Перед домом доктора, все еще встряхивая и пиная их, он принялся вопить:

– Доктор! Доктор!

Вскоре появился доктор Яннис, облаченный в ночной халат, а с ним – капитан и Пелагия. В свете вновь вышедшей луны они узрели Коколиса – абсолютно голого, если не считать тяжелых башмаков, трясущегося от ярости, с покорно свисающим солдатом в каждой руке. Самое интересное, что у обоих солдат за спину всё еще были закинуты карабины.

– Сейчас же иди в дом, – сказал доктор Яннис дочери, беспокоясь за ее целомудрие в присутствии взбешенного раздетого мужчины с кривыми ногами и грудью бочонком.

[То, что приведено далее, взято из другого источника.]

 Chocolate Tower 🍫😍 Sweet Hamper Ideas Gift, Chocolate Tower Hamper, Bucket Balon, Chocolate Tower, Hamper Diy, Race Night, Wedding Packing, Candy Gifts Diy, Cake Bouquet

Она послушно удалилась в кухню, чтобы наслаждаться зрелищем из затемненного окна.

Коколис показал на Корелли, но закричал на доктора:

– Скажите этому сукину сыну, итальяшке-офицерику, что его солдаты – похитители цыплят, курокрады и больше никто, понятно?!

Доктор Яннис передал это Корелли, который постоял минуту, как будто что-то решая. Он скрылся в доме, а доктор сказал Коколису:

– Думаю, будет лучше, если ты немного успокоишься.

Пока офицер был в доме, доктор Яннис воспользовался возможностью поддразнить соседа.

– Мне казалось, что ты – коммунист, – заметил он.

– Разумеется, я коммунист, – огрызнулся Коколис.

– Прости, – сказал доктор, – но если я верно помню, любая собственность награблена. Следовательно, раз ты владеешь цыплятами, ты – тоже вор.

Коколис сплюнул в пыль.

– Это собственность богатых награблена, а не собственность бедняков.

Философская дискуссия была прервана появлением капитана с револьвером, и в какой-то жуткий момент и Пелагия, и ее отец подумали, что он собирается пристрелить Коколиса. Пелагия в отчаянии уже не знала, бежать ли ей за своим пистолетом, но не могла двинуться с места. Коколис взглянул на капитана с ужасом, вызовом и праведным гневом. Он гордо выпятил грудь, словно желая умереть за право греческих цыплят жить спокойно даже на оккупированной территории.

Ко всеобщему удивлению, капитан направил пистолет прямо в лицо одному из преступников и скомандовал ему лечь на землю. Похититель заискивающе улыбнулся, но Корелли взвел курок. Солдат с забавным проворством плюхнулся на землю и начал хныкать, прося прощения, на что Корелли не обратил внимания. Жестом он приказал другому солдату сделать то же самое.